Assignment 2
Programming for this assignment should be done in Python 3 using the igraph library with some data visualization coming from matplotlib.
This searchable reference for python-igraph is useful.
You are to submit this assignment in Brightspace as a single zip file, with the following structure:
<student_id>/<input_graph_1>
<student_id>/<input_graph_2>
<student_id>/<input_graph_3>
<student_id>/<input_graph_4>
<student_id>/part1.py
<student_id>/part2.py
<student_id>/analysis.txt (only for students in COMP5900)

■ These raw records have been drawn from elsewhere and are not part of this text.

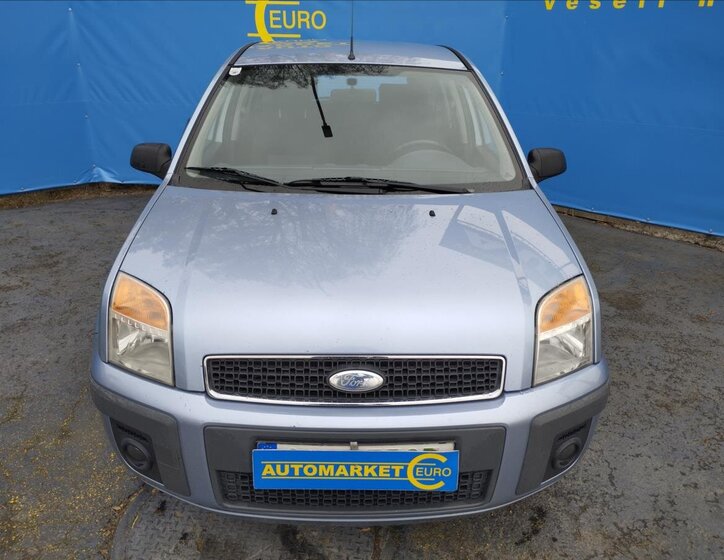 Ford Fusion Hatchback 1,4 l 59 kw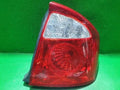 Conjunto de faro/calavera trasero derecho combinado para Kia 2004, pieza original OEM 92402 2F000
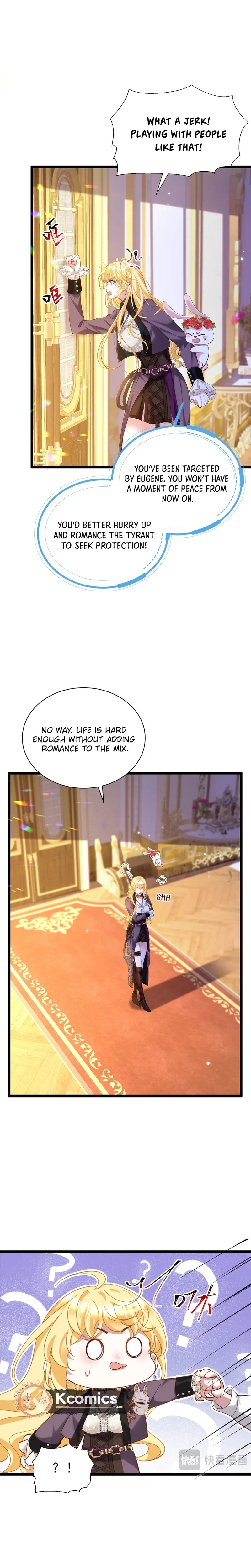 The Warlord’s Game Strategy Chapter 10 page 16 - 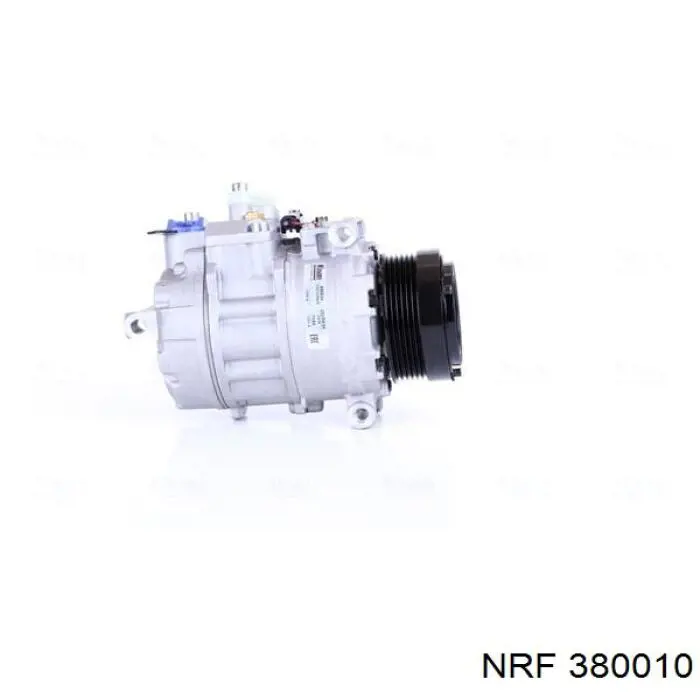Polia do compressor de aparelho de ar condicionado NRF 380010 preço, a partir de 122,46 USD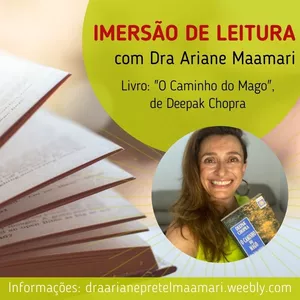 Imagem de capa para o Curso online Imersão de leitura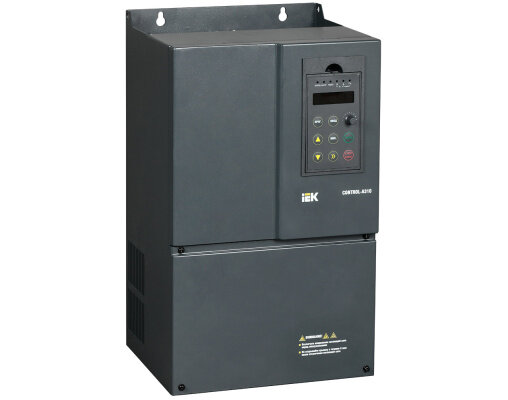 Преобразователь частоты IEK Control-A310 (CNT-A310D33V37-45TE) IP20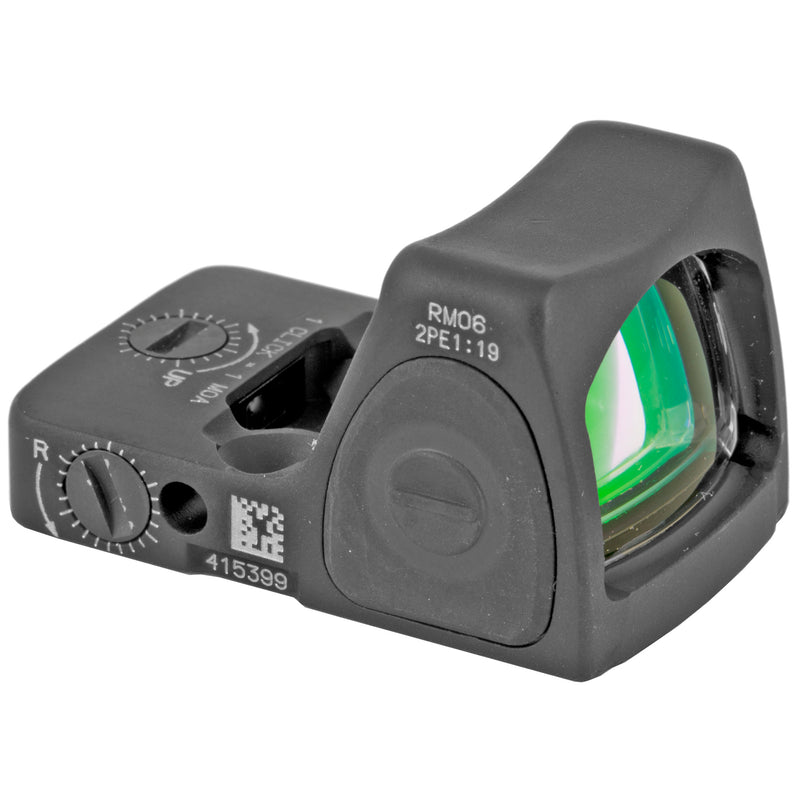 Trijicon Rmr Type 2 Adj 3.25 Moa Blk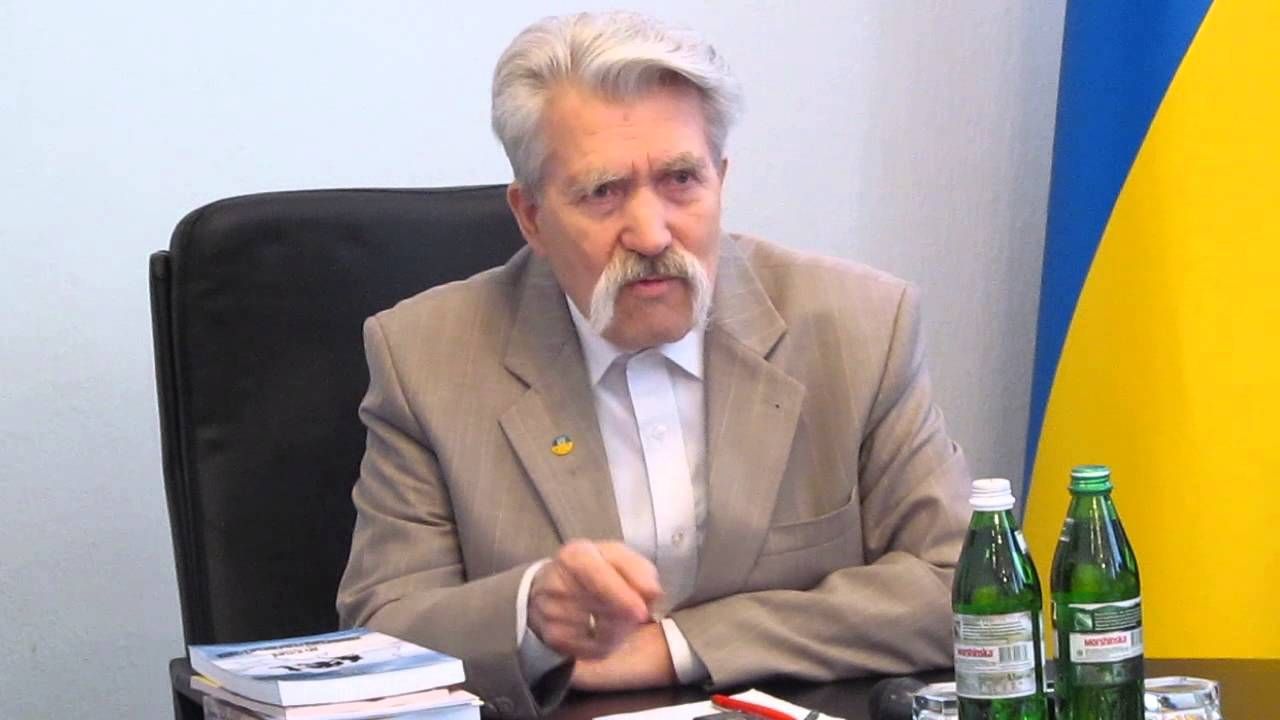 В Україні заснували нову премію імені Левка Лук'яненка В Україні заснували нову премію імені Левка Лук'яненка
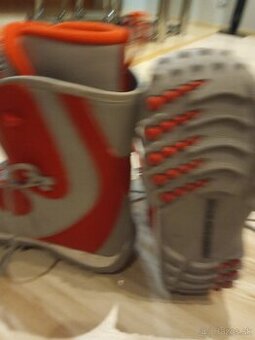 Snowboard.topanky 37,5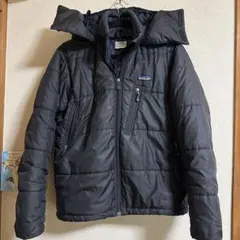 patagonia パタゴニア パフジャケット M ブラック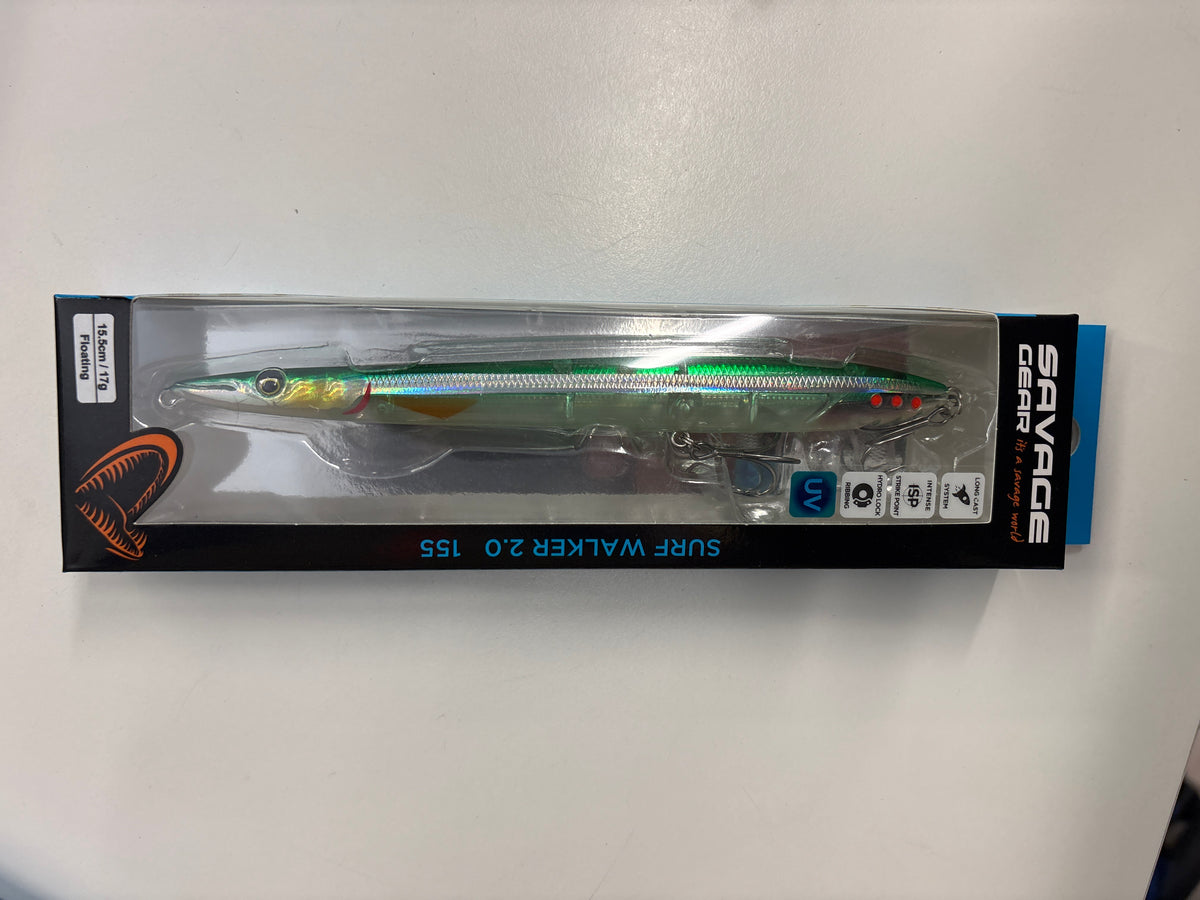 Savage Gear Needle Surf Walker 2.0 15.5CM 17G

If you find yourself struggling with technical issues related to using Python, igraph, or matplotlib, please feel free to ask questions on the Brightspace course forum. There are probably other students experiencing the same issues.
1. Centrality Measures
Choose two directed graphs each with at least $10,000$ vertices. One place to find these is the Stanford Large Network Dataset Collection, but you can also take any other data you are able to find. The graph must be directed but it may have self-loops and multiple edges. To make things more interesting, it would be good if you can find data in which the vertices have meaningful names.
Write a program with the name part1.py that reads each of the graphs into an igraph.Graph object and computes some centrality measures for the vertices. Your program should compute:
- The degree centrality
- The eigenvector centrality (using igraph.graph.eigenvector_centrality)
- The PageRank centrality (using igraph.graph.personalized_pagerank())
- with the default damping value of $0.85$
- with a damping value of $0$
- The Kleinberg hub score (using igraph.graph.hub_score())
- The Kleinberg authority score (using igraph.graph.authority_score())
Your program should print out basic information about each graph, including
- the number of vertices ($n$)
- the number of edges ($m$)
- the number of degree-$0$ vertices
For each of the centrality measures computed above, your program should output a list of the top 50 most central vertices with respect to that measure. (If your data has named vertices, then you can print them here.)
2. Degree Correlations
Choose two unidrected graphs, each with at least $10,000$ vertices. One place to find these is the Stanford Large Network Dataset Collection, but you can also take any other data you are able to find.
Write a program with the name part2.py reads each of the graphs into an igraph.Graph object and computes some degree correlation measures.
- The degree assortativity using (igraph.graph.assortativity_degree)
- The rich-club coefficient (you can import this from the Python richclub module)
Your program should print out basic information about each graph, including
- the number of vertices ($n$)
- the number of edges ($m$)
- the number of degree-$0$ vertices
For each of the centrality measures computed above, your program should output a list of the top 50 most central vertices with respect to that measure. (If your data has named vertices, then you can print them here.)